Diese kurzen Momente, in denen sich alles gut anfühlt und in denen du denkst, dass alles gut werden kann und von denen du dir wünscht, du könntest sie festhalten. Aber vermutlich liegt genau in der Nichtfesthaltbarkeit der Trick, weswegen sie dir so besonders und so groß erscheinen und du kannst nur die Augen schließen und versuchen, dir das ‚alles gut‘-Gefühl im Herzen einzuprägen und die Zuversicht, die in der gleichen Ecke wohnt, damit zu füttern auf dass sie groß und stark werden kann.

Katja

Sinuosität

Der Knoten wird nicht kleiner. Der im Kopf nicht. Der im Hals nicht. Der im Herz nicht. Und du warst lange nicht mehr so ratlos darüber, wo und wie du anfangen sollst, anfangen kannst, sie zu ent-knoten. Bei aller Traurigkeit, die gerade in dir ist, musst du dann doch lachen, weil ent-knoten, sich so nach End-Knoten – wie in End-Gegner – anhört und du fragst dich, wer dir hier gerade dein Endgegner ist. Dabei wird dir aber schon mitten im dich selber fragen klar, dass du es _wieder_ _einmal_ selber bist, nur du alleine. Alleine, das bist du gerade viel zu selten und das Alleinsein ist das, wonach du dich gerade tatsächlich am meisten sehnst. Und nach dem Meer. Aber diese Sehnsucht ist ja all- und allzeit gegenwärtig und immerhin diese wird in baldzeit gestillt werden, denn heute in genau 4 Wochen fährst du los in Richtung Meer, bist zu dieser Uhrzeit gerade in einer Stadt am Mittelmeer und 3 Tage später dann am Atlantik angekommen und vielleicht, hoffentlich, wenn es bis dahin nicht klappt, kommst du dann dort, mit Blick in die blaue Weite, wo dein Inneres zuhausener ist als zu Hause, endlich wieder an.

Bei dir.

Du hast dich betrunken und die
Nacht ist verschwunden bis du dir
irgendwann sicher bist, dass du
dich jetzt verlaufen hast, hoffnungslos
und du hast Angst, 
dass du nie mehr so fühlen kannst.

(Lukas Meister – Wenn es vorbei ist)

Katja

uz uz uz (rückwärts wär’s wohl irgendwie Techno)

Zu viele Menschen
zu viele Worte
zu viel Smalltalk
zu viel gegessen
zu viel Alkohol
zu schwere Gedanken
zu wenig geschlafen
zu früh aufgestanden
zu laut
zu wenig bewegt
zu wenig Zeit
zu viel schlechter Kaffee
zu wenig Ruhe
zu wenig alleine

und trotz der ganzen ZUs waren die letzten 2 Tage unterm Strich deutlich besser als ich vorher befürchtet hatte und ich bin zumindest – und irgendwie vermutlich dank eines nächtlichen Telefonats – für 2 Tage aus dem schlimmen Tränental rausgewesen, in dem ich vorher tagelang festhing. Hoffentlich bleibt das jetzt so.

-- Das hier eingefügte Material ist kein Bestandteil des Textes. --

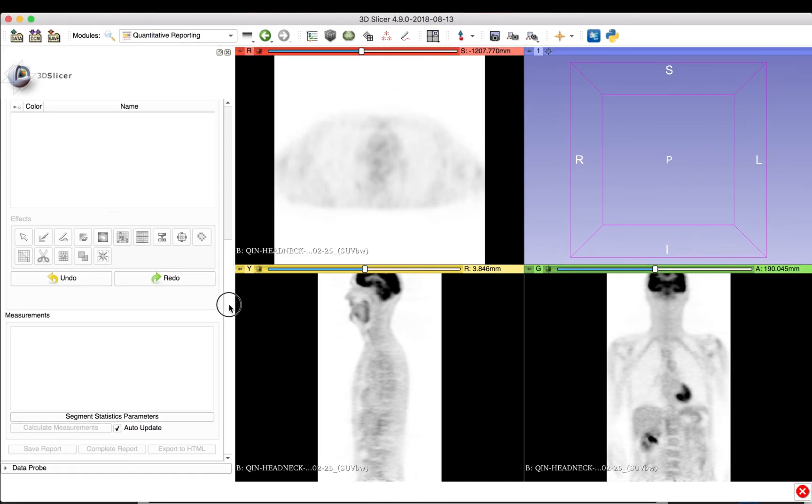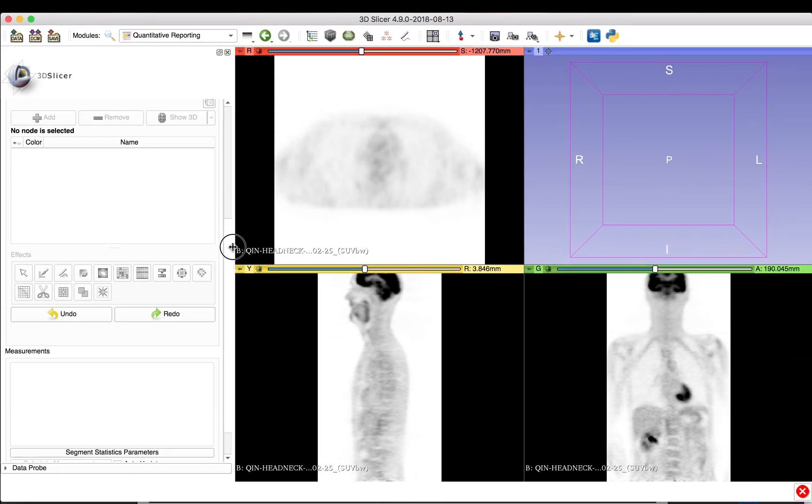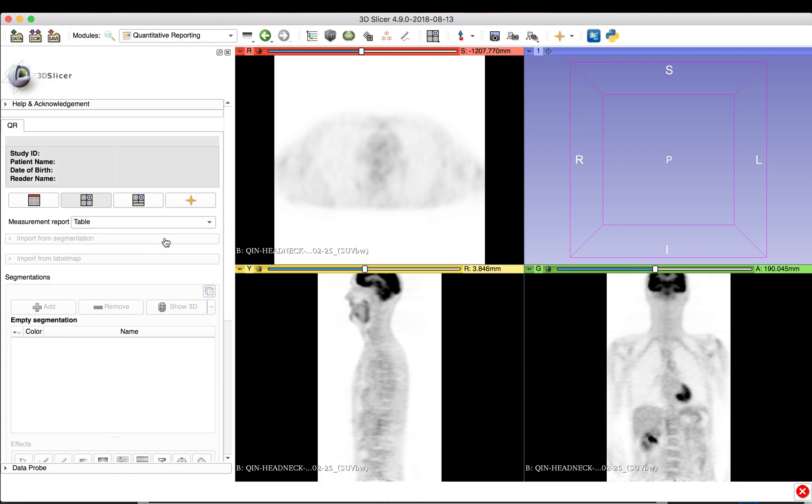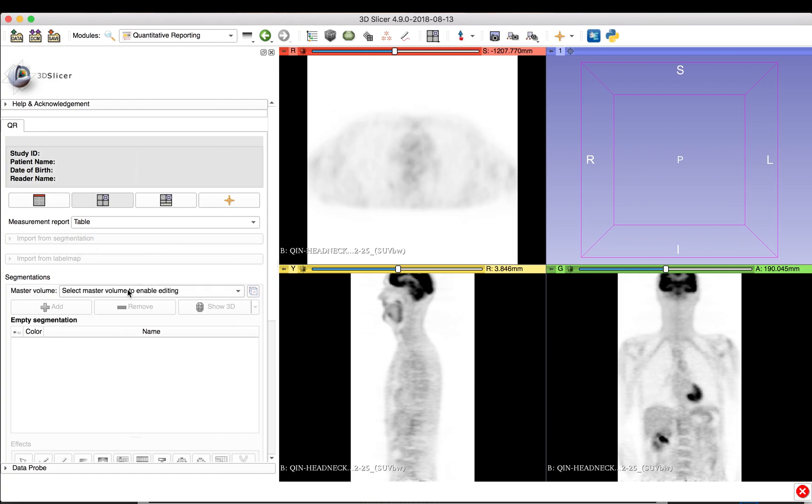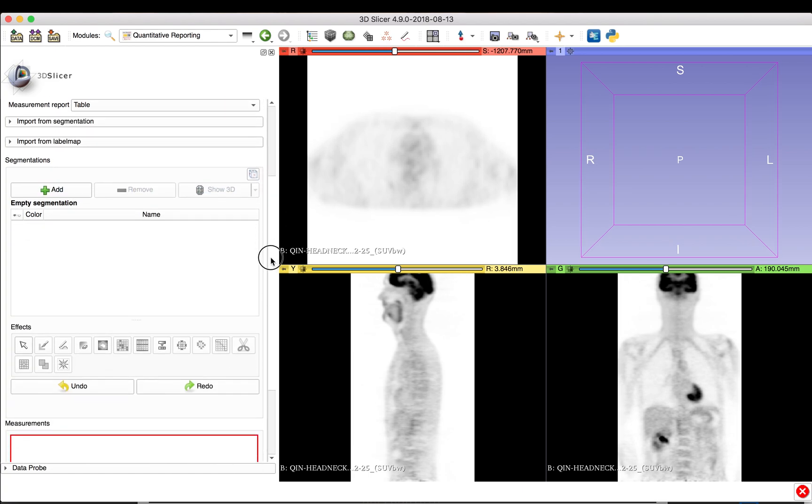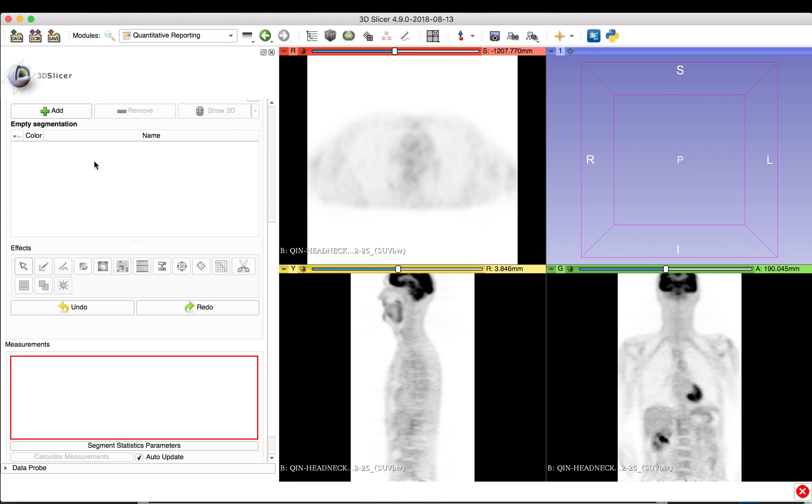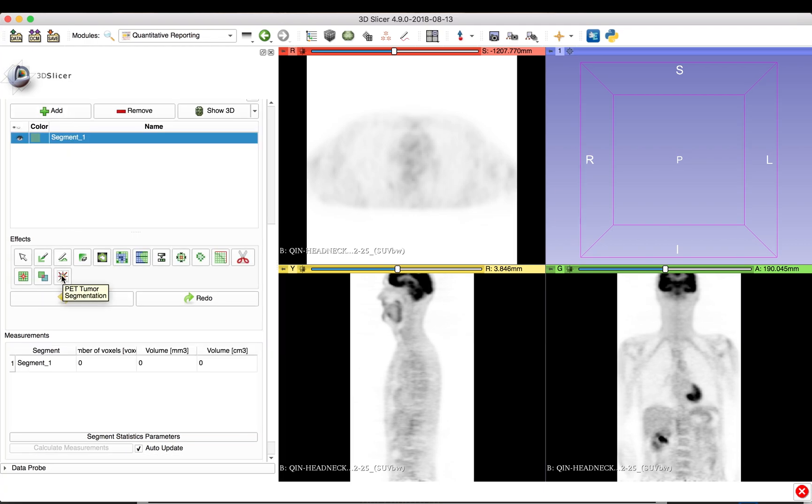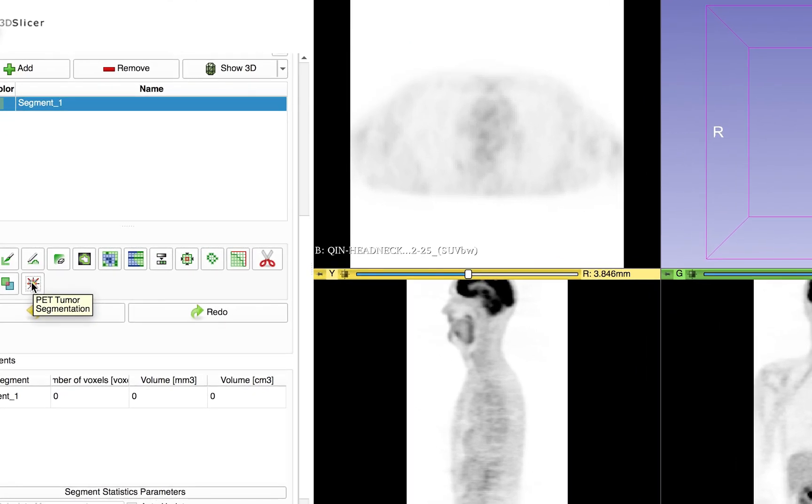To start with the Quantitative Analysis, we create a new measurement report and assign it the loaded PET scan that we want to analyze. For the segmentation of lesions, any of the segment editor effects can be utilized. We will use the PET tumor segmentation effect, which was designed specifically for this task.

Jetzt ist der Kopf voll von Eindrücken, Gedanken, Worten, aber ich bin noch so im Außen und in Unruhe und Aufruhr, dass ich es nicht schaffe, genauer drauf zu gucken – und bei einer Sache weiß ich gerade auch nicht so genau, ob ich das überhaupt will, ob das überhaupt sinnvoll und gut wäre.

Und müde ist der Kopf. Aber nachdem ich gestern abwesenheitsbedingt und zugegebenermaßen später – als ich vielleicht noch ein paar Minuten, auf dem Hotelbett liegend, Zeit gehabt hätte – auch alkoholbedingt nicht bloggen konnte, wollte ich wenigstens heute wieder ein paar Sätze festhalten, um nicht sofort wieder komplett aus der Routine rauszukrachen.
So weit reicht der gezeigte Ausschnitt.